SUPPLIED INFORMATION:

Content starts

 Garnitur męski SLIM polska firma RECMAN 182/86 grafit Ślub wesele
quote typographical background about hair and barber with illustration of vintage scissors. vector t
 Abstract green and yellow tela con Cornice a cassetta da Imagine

Content ends
Content starts

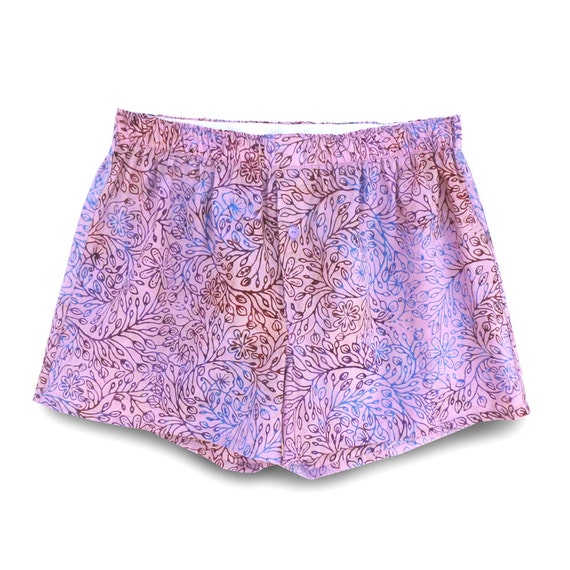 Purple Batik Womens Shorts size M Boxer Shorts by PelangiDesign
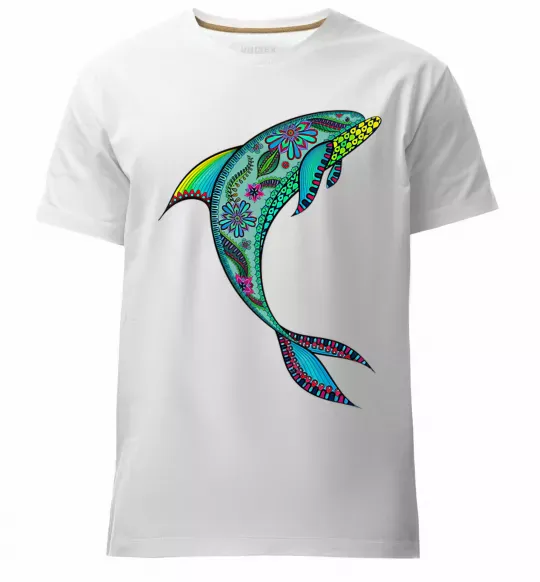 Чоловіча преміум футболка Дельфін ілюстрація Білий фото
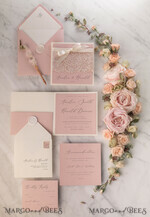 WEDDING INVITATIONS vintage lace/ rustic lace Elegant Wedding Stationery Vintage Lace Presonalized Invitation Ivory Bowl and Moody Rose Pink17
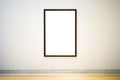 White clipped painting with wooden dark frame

Content ends
Content starts

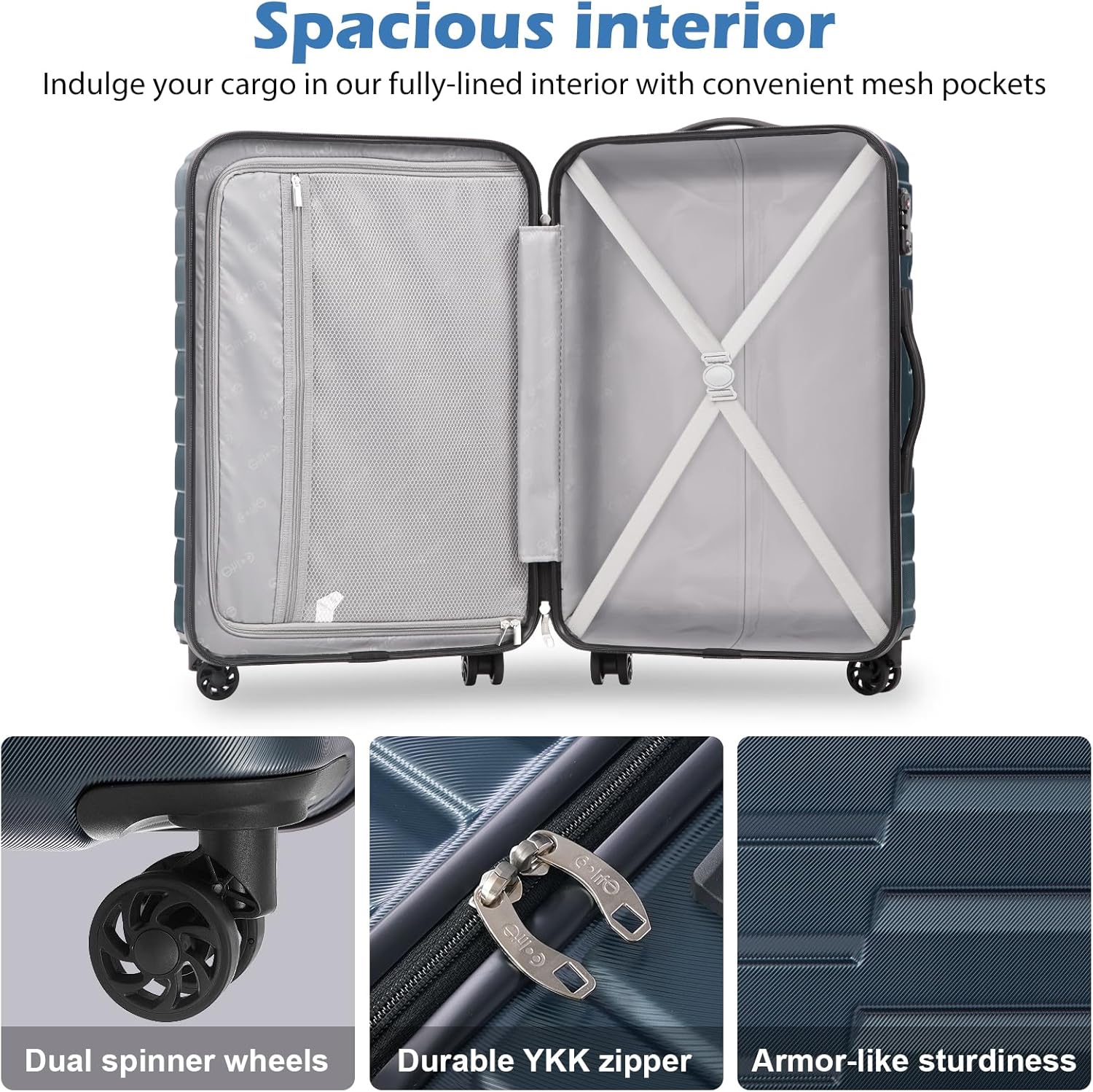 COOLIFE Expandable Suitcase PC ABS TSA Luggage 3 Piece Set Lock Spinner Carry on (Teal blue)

Content ends

WORK TO COMPLETE: Starting at the line above that contains "Garnitur męski SLIM", repeat each line exactly up to and including the line that contains "Abstract green and", and stop there.

ANSWER FOR THIS EXERCISE:
 Garnitur męski SLIM polska firma RECMAN 182/86 grafit Ślub wesele
quote typographical background about hair and barber with illustration of vintage scissors. vector t
 Abstract green and yellow tela con Cornice a cassetta da Imagine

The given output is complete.